By Jeffrey R. Young     May 24, 2018

Most Professors Think They're Above-Average Teachers. And That’s a Problem.

This article is part of the guide: 6 Key Trends to 21st Century Teaching.

Summer is traditionally a time for professors to refresh their courses, or take workshops to learn new teaching techniques. But some in higher education worry about a lack of motivation for such efforts, especially when the vast majority of professors think they’re great in the classroom already.

A classic study found that more than 90 percent of professors rate themselves as above-average teachers. And two-thirds believe they’re in the top quarter. It’s math that doesn’t add up, and the study’s author argues that unreasonably high esteem holds back efforts to improve college teaching.

The finding is part of a broader phenomenon in psychology often referred to as “inflated self-view.” Humans tend to think they’re better at lots of things than they really are. And that may be especially true in college teaching, argues Paul C. Price, a professor of psychology at California State University at Fresno.

“You’re not getting feedback as to how you actually stand relative to other people,” says Price of college professors. “With that black box, we have this built-in tendency to think we’re really good.”

Of course professors do get some feedback about their teaching. Students fill out evaluations at the end of each term, for instance. And some departments ask professors to evaluate each other’s teaching.

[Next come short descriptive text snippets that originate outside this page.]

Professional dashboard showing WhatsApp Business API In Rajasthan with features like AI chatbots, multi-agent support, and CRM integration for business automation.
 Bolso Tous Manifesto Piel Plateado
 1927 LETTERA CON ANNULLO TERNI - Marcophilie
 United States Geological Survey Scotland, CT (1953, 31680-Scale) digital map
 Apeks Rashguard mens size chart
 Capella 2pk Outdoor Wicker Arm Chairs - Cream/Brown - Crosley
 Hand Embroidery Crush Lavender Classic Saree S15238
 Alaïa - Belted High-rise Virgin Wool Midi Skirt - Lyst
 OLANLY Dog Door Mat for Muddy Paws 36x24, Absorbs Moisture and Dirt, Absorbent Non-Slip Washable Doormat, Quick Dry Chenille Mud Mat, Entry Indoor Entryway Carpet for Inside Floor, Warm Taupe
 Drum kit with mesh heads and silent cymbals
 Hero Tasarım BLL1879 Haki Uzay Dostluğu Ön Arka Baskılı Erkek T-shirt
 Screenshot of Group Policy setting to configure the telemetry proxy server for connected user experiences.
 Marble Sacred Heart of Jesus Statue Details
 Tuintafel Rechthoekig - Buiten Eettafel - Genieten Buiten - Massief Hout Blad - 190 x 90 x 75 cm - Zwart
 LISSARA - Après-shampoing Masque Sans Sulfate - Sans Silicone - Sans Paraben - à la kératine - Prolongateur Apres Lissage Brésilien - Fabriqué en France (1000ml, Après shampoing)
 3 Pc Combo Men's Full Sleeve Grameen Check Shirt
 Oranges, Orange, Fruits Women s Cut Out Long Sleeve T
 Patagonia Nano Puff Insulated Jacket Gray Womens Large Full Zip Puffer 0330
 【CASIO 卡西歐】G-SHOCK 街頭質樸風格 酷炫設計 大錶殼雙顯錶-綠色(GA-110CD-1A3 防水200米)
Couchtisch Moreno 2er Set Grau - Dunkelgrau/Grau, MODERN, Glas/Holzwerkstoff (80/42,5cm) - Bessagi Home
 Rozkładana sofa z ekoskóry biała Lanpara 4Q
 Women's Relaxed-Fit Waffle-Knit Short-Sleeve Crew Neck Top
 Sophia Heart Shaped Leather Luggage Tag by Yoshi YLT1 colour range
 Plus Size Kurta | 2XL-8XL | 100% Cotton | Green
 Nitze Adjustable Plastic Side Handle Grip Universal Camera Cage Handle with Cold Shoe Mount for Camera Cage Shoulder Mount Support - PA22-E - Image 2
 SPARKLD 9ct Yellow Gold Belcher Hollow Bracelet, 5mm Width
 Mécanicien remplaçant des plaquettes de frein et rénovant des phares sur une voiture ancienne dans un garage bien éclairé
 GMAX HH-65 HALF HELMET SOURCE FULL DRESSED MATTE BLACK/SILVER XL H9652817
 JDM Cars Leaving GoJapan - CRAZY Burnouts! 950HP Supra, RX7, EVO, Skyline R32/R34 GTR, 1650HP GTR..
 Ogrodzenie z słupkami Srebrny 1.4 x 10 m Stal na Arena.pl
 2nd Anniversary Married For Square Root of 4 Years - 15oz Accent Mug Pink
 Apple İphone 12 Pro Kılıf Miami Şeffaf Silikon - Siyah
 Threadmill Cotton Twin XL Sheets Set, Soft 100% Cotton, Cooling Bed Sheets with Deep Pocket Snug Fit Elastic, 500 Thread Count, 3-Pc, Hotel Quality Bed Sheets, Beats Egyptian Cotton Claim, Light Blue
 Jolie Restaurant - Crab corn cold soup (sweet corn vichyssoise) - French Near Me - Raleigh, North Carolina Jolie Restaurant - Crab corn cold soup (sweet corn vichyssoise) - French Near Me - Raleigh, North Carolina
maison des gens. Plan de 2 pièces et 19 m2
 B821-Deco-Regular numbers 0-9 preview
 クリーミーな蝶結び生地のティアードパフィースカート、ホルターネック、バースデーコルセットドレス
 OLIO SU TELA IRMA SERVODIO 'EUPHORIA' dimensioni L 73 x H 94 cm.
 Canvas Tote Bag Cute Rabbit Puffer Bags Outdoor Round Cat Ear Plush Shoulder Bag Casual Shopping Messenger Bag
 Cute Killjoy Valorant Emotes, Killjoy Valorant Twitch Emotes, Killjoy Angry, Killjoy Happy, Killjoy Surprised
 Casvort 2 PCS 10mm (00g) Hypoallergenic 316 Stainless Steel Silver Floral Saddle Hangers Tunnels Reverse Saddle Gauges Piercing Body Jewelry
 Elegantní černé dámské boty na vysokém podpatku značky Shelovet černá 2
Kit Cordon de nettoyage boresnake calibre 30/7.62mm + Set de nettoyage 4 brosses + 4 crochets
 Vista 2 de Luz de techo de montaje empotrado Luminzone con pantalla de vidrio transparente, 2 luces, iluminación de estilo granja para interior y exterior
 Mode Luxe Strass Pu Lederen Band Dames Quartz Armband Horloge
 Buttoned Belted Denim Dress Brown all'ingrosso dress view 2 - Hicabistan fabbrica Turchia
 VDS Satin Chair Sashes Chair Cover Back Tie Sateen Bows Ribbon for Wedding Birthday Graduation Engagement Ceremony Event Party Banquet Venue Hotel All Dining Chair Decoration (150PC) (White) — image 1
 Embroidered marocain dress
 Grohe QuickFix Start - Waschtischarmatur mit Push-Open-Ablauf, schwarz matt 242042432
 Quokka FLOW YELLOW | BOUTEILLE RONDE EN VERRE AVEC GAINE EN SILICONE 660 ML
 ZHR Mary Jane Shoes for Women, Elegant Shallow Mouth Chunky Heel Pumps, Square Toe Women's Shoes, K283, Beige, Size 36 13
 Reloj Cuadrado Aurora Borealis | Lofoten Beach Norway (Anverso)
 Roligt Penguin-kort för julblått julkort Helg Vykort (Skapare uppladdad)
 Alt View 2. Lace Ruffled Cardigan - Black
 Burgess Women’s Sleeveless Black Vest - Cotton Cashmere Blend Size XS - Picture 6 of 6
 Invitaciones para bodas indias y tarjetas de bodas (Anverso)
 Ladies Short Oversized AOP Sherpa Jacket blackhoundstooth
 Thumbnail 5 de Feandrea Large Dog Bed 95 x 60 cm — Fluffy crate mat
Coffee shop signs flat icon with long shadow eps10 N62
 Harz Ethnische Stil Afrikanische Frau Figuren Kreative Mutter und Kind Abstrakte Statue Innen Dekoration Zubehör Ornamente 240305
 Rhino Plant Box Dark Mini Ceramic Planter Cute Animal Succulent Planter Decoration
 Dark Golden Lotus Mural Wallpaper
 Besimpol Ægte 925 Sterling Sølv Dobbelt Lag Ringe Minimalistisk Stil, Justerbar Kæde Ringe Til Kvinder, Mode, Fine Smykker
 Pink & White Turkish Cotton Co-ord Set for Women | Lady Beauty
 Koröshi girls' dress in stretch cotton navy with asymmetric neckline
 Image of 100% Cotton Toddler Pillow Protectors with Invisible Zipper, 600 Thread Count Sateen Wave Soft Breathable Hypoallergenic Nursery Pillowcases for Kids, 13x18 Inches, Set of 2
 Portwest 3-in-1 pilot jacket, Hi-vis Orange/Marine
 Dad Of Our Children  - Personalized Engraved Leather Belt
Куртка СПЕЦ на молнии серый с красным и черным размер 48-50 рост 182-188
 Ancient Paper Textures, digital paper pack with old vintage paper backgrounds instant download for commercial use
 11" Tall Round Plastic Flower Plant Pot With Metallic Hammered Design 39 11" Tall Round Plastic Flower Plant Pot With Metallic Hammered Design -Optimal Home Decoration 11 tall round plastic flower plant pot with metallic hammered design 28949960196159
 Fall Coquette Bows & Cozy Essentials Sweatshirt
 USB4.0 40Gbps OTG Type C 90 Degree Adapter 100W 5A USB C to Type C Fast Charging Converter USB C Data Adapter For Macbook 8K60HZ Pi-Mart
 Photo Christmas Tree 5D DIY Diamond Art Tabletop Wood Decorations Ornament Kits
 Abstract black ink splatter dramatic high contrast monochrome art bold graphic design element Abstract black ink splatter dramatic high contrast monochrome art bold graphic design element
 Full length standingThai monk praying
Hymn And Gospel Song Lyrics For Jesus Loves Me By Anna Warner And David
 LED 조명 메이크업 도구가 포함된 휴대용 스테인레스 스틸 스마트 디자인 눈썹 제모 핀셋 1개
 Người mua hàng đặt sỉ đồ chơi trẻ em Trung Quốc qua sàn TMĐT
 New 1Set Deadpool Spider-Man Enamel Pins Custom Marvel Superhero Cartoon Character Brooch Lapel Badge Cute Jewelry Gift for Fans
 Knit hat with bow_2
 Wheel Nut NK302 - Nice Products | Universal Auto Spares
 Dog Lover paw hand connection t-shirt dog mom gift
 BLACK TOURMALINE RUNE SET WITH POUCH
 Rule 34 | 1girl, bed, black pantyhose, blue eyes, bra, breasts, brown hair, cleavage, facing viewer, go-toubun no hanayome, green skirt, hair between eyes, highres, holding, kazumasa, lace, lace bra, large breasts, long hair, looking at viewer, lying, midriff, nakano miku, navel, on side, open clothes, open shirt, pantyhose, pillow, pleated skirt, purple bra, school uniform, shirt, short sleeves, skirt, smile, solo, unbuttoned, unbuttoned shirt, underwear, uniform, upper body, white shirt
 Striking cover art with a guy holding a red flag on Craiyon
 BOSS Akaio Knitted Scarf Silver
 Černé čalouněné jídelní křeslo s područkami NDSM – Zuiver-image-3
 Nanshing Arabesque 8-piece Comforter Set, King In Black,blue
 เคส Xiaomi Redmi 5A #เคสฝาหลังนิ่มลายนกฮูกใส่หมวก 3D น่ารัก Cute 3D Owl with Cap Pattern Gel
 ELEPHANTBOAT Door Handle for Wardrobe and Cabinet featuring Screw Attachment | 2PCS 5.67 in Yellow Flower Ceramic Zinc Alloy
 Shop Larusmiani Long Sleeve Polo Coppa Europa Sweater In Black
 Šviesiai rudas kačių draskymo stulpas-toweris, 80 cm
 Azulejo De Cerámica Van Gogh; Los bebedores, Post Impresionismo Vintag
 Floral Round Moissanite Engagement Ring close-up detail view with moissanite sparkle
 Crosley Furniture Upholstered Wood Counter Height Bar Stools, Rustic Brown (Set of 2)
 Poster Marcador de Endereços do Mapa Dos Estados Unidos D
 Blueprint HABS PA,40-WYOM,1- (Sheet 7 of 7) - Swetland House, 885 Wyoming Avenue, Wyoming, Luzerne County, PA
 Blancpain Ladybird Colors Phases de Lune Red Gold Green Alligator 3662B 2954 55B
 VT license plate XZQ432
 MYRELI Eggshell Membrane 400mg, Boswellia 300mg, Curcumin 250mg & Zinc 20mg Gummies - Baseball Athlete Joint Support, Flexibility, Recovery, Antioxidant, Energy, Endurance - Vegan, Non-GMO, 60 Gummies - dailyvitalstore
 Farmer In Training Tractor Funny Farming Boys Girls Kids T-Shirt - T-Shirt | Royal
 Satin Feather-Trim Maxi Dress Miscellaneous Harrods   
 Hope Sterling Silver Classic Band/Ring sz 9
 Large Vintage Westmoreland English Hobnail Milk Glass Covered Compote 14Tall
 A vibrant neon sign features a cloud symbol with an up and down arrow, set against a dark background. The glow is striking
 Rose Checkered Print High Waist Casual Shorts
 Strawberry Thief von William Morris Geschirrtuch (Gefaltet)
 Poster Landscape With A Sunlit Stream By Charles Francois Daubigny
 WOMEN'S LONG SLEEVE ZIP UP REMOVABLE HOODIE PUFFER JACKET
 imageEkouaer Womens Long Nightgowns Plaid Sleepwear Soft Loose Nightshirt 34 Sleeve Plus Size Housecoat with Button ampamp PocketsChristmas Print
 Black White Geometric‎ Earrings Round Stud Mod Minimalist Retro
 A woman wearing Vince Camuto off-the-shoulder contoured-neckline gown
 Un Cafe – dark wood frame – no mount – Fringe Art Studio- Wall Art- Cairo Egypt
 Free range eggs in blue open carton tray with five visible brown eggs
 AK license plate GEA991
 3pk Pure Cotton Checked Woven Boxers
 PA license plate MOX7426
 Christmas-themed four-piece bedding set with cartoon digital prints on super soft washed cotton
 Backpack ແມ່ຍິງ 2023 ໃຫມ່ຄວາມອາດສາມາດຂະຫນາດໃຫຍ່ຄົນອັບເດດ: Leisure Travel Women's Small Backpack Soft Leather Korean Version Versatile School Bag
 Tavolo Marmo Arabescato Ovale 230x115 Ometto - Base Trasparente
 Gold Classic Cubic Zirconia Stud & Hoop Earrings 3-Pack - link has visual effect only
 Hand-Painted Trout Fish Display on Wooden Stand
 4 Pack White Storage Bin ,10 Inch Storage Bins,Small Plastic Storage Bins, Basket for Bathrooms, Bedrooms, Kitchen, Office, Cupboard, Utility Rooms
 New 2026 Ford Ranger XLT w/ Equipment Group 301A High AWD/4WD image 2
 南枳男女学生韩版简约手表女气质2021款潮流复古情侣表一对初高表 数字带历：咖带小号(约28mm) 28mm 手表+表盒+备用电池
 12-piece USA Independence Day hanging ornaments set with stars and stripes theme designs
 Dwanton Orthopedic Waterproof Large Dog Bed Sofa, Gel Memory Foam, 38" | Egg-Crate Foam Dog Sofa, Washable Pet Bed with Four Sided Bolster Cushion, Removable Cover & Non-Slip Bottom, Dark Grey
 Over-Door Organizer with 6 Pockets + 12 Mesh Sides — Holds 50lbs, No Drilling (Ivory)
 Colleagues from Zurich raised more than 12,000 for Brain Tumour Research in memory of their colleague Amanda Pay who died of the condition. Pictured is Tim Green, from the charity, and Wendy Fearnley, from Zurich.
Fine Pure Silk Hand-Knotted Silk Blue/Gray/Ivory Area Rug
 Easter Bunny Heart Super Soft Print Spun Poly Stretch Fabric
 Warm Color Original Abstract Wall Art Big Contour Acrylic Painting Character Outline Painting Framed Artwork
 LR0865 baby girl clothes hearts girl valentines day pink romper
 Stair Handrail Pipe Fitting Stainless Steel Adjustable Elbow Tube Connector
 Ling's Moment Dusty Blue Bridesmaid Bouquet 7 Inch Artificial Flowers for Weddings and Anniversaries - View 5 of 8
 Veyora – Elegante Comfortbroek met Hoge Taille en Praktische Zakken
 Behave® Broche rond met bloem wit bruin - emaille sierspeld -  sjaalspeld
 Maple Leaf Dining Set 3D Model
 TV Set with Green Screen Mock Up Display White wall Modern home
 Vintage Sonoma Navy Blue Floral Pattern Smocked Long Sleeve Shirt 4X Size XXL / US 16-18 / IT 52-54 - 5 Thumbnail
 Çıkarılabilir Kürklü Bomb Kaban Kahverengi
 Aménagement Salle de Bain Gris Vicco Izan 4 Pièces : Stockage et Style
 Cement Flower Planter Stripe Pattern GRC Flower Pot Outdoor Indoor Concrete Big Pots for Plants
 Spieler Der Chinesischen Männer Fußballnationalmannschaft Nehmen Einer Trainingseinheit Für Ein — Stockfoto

But those tend to inflate egos beyond reality as well, says Price, pointing to a phenomenon called “person-positivity-bias,” documented by David Sears, a social psychologist, that shows that people tend to give high ratings to anyone they look at barring serious red flags.

“On my department’s five-point rating scale, receiving anything less than a five from a colleague is a rarity,” Price wrote in a 2006 article. “Thus, the better-than-average effect extends beyond judgments about the self to judgments about almost any individual. As a result, these kinds of student and peer evaluations tend to confirm our inflated views of our own abilities. A better interpretation of your rating of six on a seven-point scale, then, is that you have no extremely obvious shortcomings. That’s a long way from being a superstar.”

Professors can find some tough talk about their teaching on RateMyProfessors, a website where students can offer critiques anonymously. But most professors don’t take those reviews seriously, and they have their own well-documented flaws, including a kind of mob mentality, where highly negative reviews tend to encourage other haters to jump in.

These studies date back decades—Patricia C. Cross, now an emeritus professor at University of California at Berkeley, first wrote about it in 1977. In an email interview this week, she said that she has no reason to believe the situation has improved. “I do try to keep up with my reading on higher ed, and my impression from that is that today’s professors are more interested in ‘publication’ (and citation) than in classroom teaching—at least as far as advancement professional reputation is concerned.”

Of course there’s no shortage of chances for professors to better their teaching, says Price. “The challenge is getting people to participate in those,” he says. “If you already think you’re fine and you’re better than other people, then what’s your motivation to go to another meeting or conference?”

So does Price think he’s a better-than-average teacher?

“It depends on what dimension you’re talking about,” he says. “I think students like me more than the average professor. Whether I’m teaching them more stuff than the average professor, I doubt that.”